Single application of lamellar moisturizers provides significantly increased hydration of the stratum corneum for up to 24 hours in a randomized trial

Abstract

Background

Some moisturizing formulations can help restore and maintain the barrier function of the skin.

Objectives

This study was designed to assess the hydration potential of three lamellar moisturizers relative to a control (nonlamellar) moisturizer.

Methods

Healthy adults aged 18 to 65 years with self‐reported sensitive skin, dry or very dry skin and Corneometry values of ≤40 a.u. on the lower legs, entered this randomized, evaluator‐blind study. Products A and B together with a control product (Control X) were applied to one leg, while Product C and Control Y were applied to the other leg; with an untreated control site in both cases. The primary efficacy variable was the change from baseline in Corneometer assessments at 24 hours (Products A and B) or 12 hours (Product C) postapplication.

Results

At all timepoints (n = 30), Products A and B showed higher mean Corneometer readings compared to baseline and changes from baseline were statistically significant when compared to untreated sites. Higher mean readings relative to baseline were seen at sites treated with Control X (smaller magnitude than Product A and B) and with Product C. These changes were significant compared to the untreated site at 30 minutes and 2 hours (Control X), and at 30 minutes and 12 hours (Product C). Additionally, Control Y increased significantly at 12 hours.

Conclusion

A single application of a lamellar moisturizer significantly increased hydration of the stratum corneum for up to 24 hours (Products A and B) or 12 hours (Product C).

1. INTRODUCTION

Dry skin is characterized by symptoms that include an uncomfortable tightness, pain, itch, and tingling accompanied by discernible changes to the skin's surface.1 We have developed a series of three face creams with a complex of skin‐similar lipids arranged in an ordered lamellar structure designed to mimic the extracellular lipid layer surrounding the corneocytes in the stratum corneum. This study (RH02317/202496) was designed to assess the hydration potential of each lamellar moisturizer relative to a control (nonlamellar) moisturizer. The test products were designated as Product A, Product B, and Product C. An earlier study (RH02222; protocol and informed consent form approved by the Freiburg Ethics Commission International) of Product B in 10 subjects demonstrated a sun protection factor (SPF) 20 (Figure 1). This study (RH02317/202496) followed International Organization for Standardization (ISO) 2444 guidelines. The protocol and informed consent form were approved by the Cardiff Independent Research Ethics Review Committee.

Figure 1.

RH02222 study—flow diagram

2. PATIENTS AND METHODS

This was a randomized, evaluator‐blind, intra‐subject, single‐use, complete block design study in healthy volunteers with self‐reported sensitive skin that was also dry or very dry. Subjects were within the age range 18 to 65 years with skin type I to IV on the Fitzpatrick Skin Type Scale2and Corneometry values of ≤40 a.u. on the lower legs.
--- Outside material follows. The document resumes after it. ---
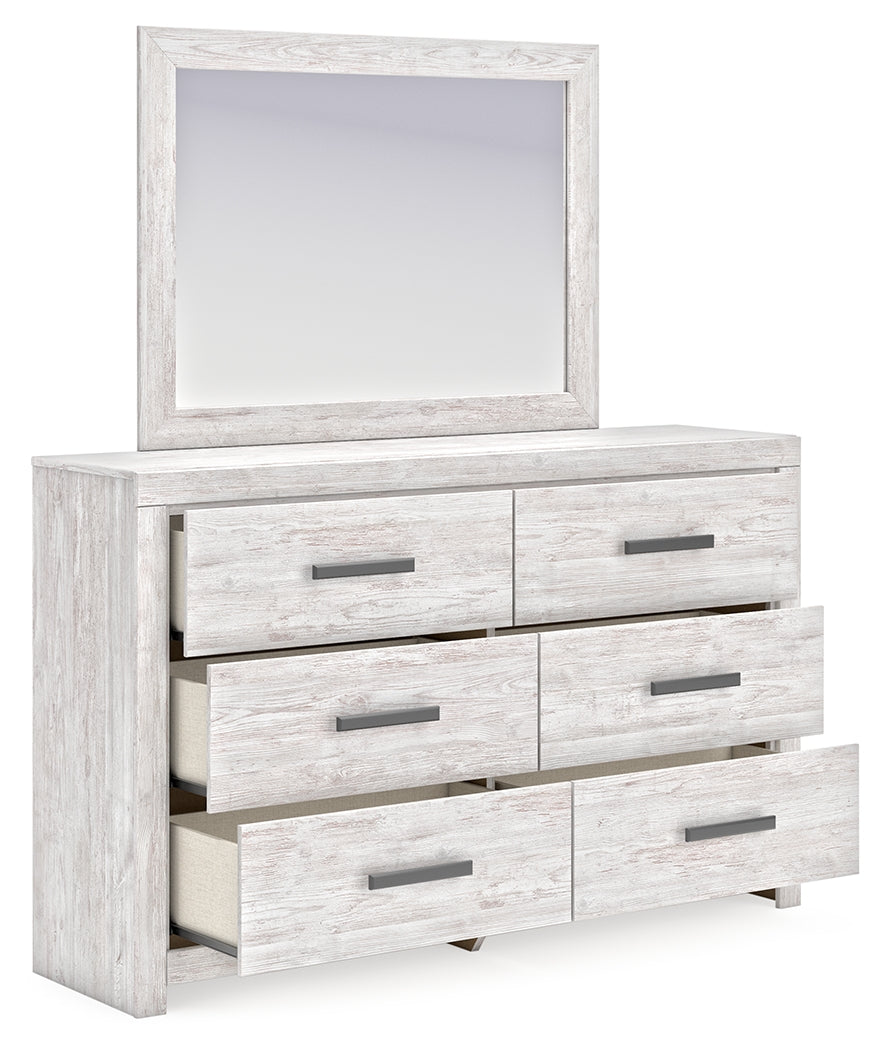 Cayboni Full Panel Bed, Dresser, Mirror, Chest and 2 Nightstands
The study was conducted at Cutest Systems Ltd, Cardiff, Wales in accordance with International Conference on Harmonization Good Clinical Practice guidelines and the Declaration of Helsinki. After providing written informed consent and being deemed eligible to participate in the study, participants entered a 5‐ to 7‐day wash‐out period. No use of shower gels, soaps, moisturizers, medicated washing/shower acne products, natural plants/herbs with or without fragrance, pain relief gels, or antioxidants was allowed on the lower legs except for the use of Simple® Soap during the wash‐out period and for the duration of the study. Subjects were to refrain from leg hair removal for the same time period.

Poststudy product application there was to be no water contact to the legs and subjects were to avoid actions that could lead to the removal of test products, for example, crossing of legs. Any deliberate exposure of the test sites to natural sunlight, other sources of ultraviolet lights, or use of self‐tanning products on the lower legs was prohibited. Subjects were to wear shorts or trousers that could be rolled up to the knee and sustained in this position throughout their stay at the clinic on testing days. Subjects were to refrain from exercising or drinking hot or cold caffeinated beverages within 2 hours (h) before each measurement timepoint. Subjects were also to refrain from swimming/using hot tubs or soaking their legs in any way.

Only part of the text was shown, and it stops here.